Ben Sisko’s evolution from skeptical scientist-explorer who makes first contact with “wormhole aliens” to the fully realized Emissary, who defends Bajor from threats outside of corporeality or linear time, should not have worked for me at 16, when I was reading Nietzsche’s Thus Spoke Zarathustra and playing Marilyn Manson’s Mechanical Animals nonstop. I was the Black boy who rejected the God of my father, the God of Abraham, Issac, and Jacob. To a palpable degree, I turned my back on Blackness as a result. Christianity’s ubiquitous in the South; to claim the label atheist is to unmask as alien as any Gamma Quadrant denizen with horns for a beard. But looking back, I believed Sisko because I understood the trajectory. Many of us once known by the DuBoisian moniker “Talented Tenth” spend most of our lives in preparation for the academy, where Western philosophical thought questions the nature of God and man without regard for mainstream popularity. Once we enter, we collide with the cosmopolitan secular humanism prevalent in American higher learning, where religion is at best quaint and usually a mild mental illness. Science fiction loves that. Ask yourself how often religion on Star Trek: The Next Generation amounted to quasi-Buddhist meditation with lit candles and mood lighting — Worf’s long wild hair framing a harried and bony brown brow, Riker comically interrupting as if it’s not important.
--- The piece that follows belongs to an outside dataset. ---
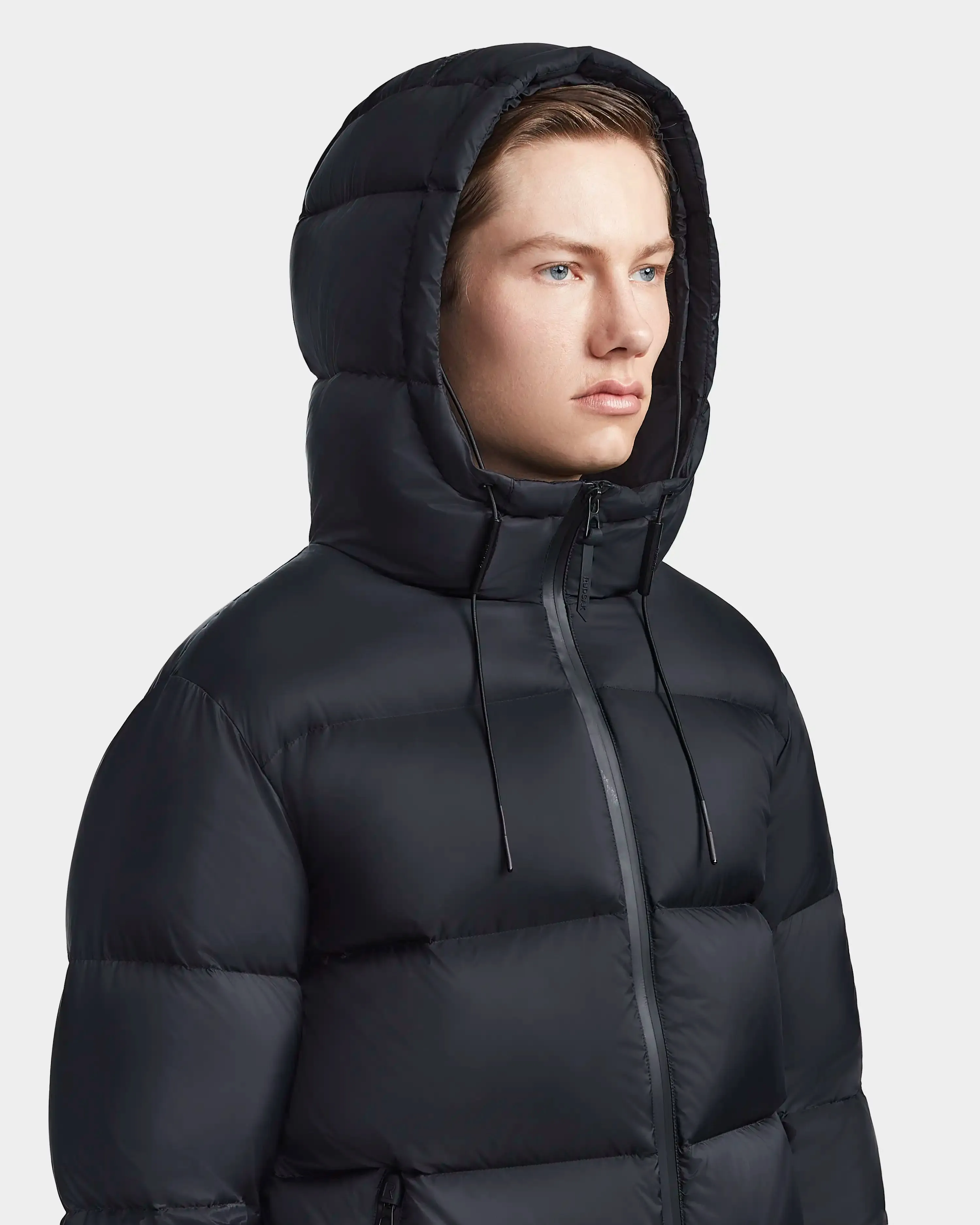 DANIEL M - M123510 Black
And we are still Black! We’ve seen the tearful brown mothers who pray over wounded sons, visited frightened high school linebackers whose X-rays display catastrophic spinal damage after one bad practice, attended funerals for cancer survivors and baby showers for cheerleaders. We’ve seen our community replenish itself through faith. For Benjamin Sisko, a Black man of the future, to spend so much of that imagined time reflecting on race justified for me his gradual acceptance and respect for Bajoran theology. Sisko understands that a human response to suffering cannot always be cerebral, that communities unify though shared precepts, that ritual and supplication and prayer do not betray backwardness or ignorance among those with dirty fingernails on skyward hands.
Thus we recognize The Sisko’s brilliance: his Blackness is the lens through which we view the prejudices and philosophies of that frontier future and our fractured present. In the character of Ben Sisko, Black manhood combats revolutionary insurgents, genocidal shapeshifters, and false alien gods, all to question geopolitical ethics, just war theory, and the nature of God. Star Trek, at its finest hour, centered its most expansive artistic gift around ascendant Black manhood: complicated, commanding, and utterly human.
So no, I don’t feel so bad about skipping church.